→ HOW TO COMPLETE THIS TASK: Quote every line of the material beneath this one.
++++++++
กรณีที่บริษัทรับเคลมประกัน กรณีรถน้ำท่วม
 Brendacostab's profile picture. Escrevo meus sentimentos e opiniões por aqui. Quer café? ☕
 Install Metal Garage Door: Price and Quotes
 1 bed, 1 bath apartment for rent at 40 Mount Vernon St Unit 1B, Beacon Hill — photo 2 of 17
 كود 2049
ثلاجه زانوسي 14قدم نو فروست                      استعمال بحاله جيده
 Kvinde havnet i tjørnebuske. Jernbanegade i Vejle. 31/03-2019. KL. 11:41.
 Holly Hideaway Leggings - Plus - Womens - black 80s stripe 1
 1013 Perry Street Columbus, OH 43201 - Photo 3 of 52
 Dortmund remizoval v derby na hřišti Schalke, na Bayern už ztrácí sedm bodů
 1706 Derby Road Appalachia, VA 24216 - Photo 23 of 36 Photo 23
++++++++
→ EXERCISE ANSWER:
กรณีที่บริษัทรับเคลมประกัน กรณีรถน้ำท่วม
 Brendacostab's profile picture. Escrevo meus sentimentos e opiniões por aqui. Quer café? ☕
 Install Metal Garage Door: Price and Quotes
 1 bed, 1 bath apartment for rent at 40 Mount Vernon St Unit 1B, Beacon Hill — photo 2 of 17
 كود 2049
ثلاجه زانوسي 14قدم نو فروست                      استعمال بحاله جيده
 Kvinde havnet i tjørnebuske. Jernbanegade i Vejle. 31/03-2019. KL. 11:41.
 Holly Hideaway Leggings - Plus - Womens - black 80s stripe 1
 1013 Perry Street Columbus, OH 43201 - Photo 3 of 52
 Dortmund remizoval v derby na hřišti Schalke, na Bayern už ztrácí sedm bodů
 1706 Derby Road Appalachia, VA 24216 - Photo 23 of 36 Photo 23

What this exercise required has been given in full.